A shared storage failure can have a significant impact on your organization, especially if it leads to data loss. To minimize the risk of data loss, you need a recovery plan that includes failover to a standby system.
In this article, we’ll discuss how to set up SQL Server failover in the event of a shared storage failure.
We’ll also provide some tips on how to troubleshoot and avoid common pitfalls.
Setting Up Failover:
There are two main ways to set up failover in the event of a shared storage failure: using database mirroring or Always on Availability Groups.
- With database mirroring, one server acts as the primary server, while the other server acts as the standby.
- The primary server maintains a copy of the database, which is synchronized with the standby server.
- In the event of a failure, the standby server can take over as the primary server.
- To set up database mirroring, you need to have two SQL Server instances installed on separate servers.
- You’ll also need to create a witness instance, which helps to ensure that only one server is designated as the primary at any given time.

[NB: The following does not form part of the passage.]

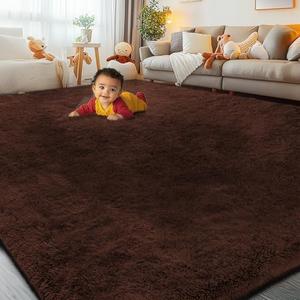 8x10 Area Rugs for Living Room Bedroom, Large Area Rug Shaggy Carpet Soft Plush Furry Bedside Rug, Rugs for Home Decor (Coffee, 8 x 10)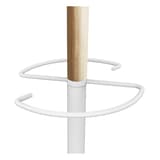 Portemanteau sur pied, 6 patères ACCESS blanc et hêtre UNILUX - Portemanteau sur pied UNILUX ACCESS blanc et hêtre, porte-parapluie et partie en hêtre, détail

- Once you’ve set up your environment, you can configure database mirroring.
- The first step is to create a database mirroring endpoint on each server.
- This endpoint uses Windows Authentication and uses port 5022 by default.
- Next, you need to back up the transaction log on the primary server and restore it on the standby server.
- Once that’s done, you can configure database mirroring.
- To do this, you’ll use the Database Mirroring Wizard in SQL Server Management Studio.
- The wizard will prompt you for the name of the principal server, the mirror server, and the witness server.
- It will also ask you to specify the transport type and security mode.
- The transport type can be either TCP/IP or HTTP, and the security mode can be either Windows Authentication or Certificate Authentication.
- Once you’ve configured database mirroring, you need to set up failover.
- To do this, you’ll use the Failover Cluster Manager.
- In the console tree, expand the Services and Applications node.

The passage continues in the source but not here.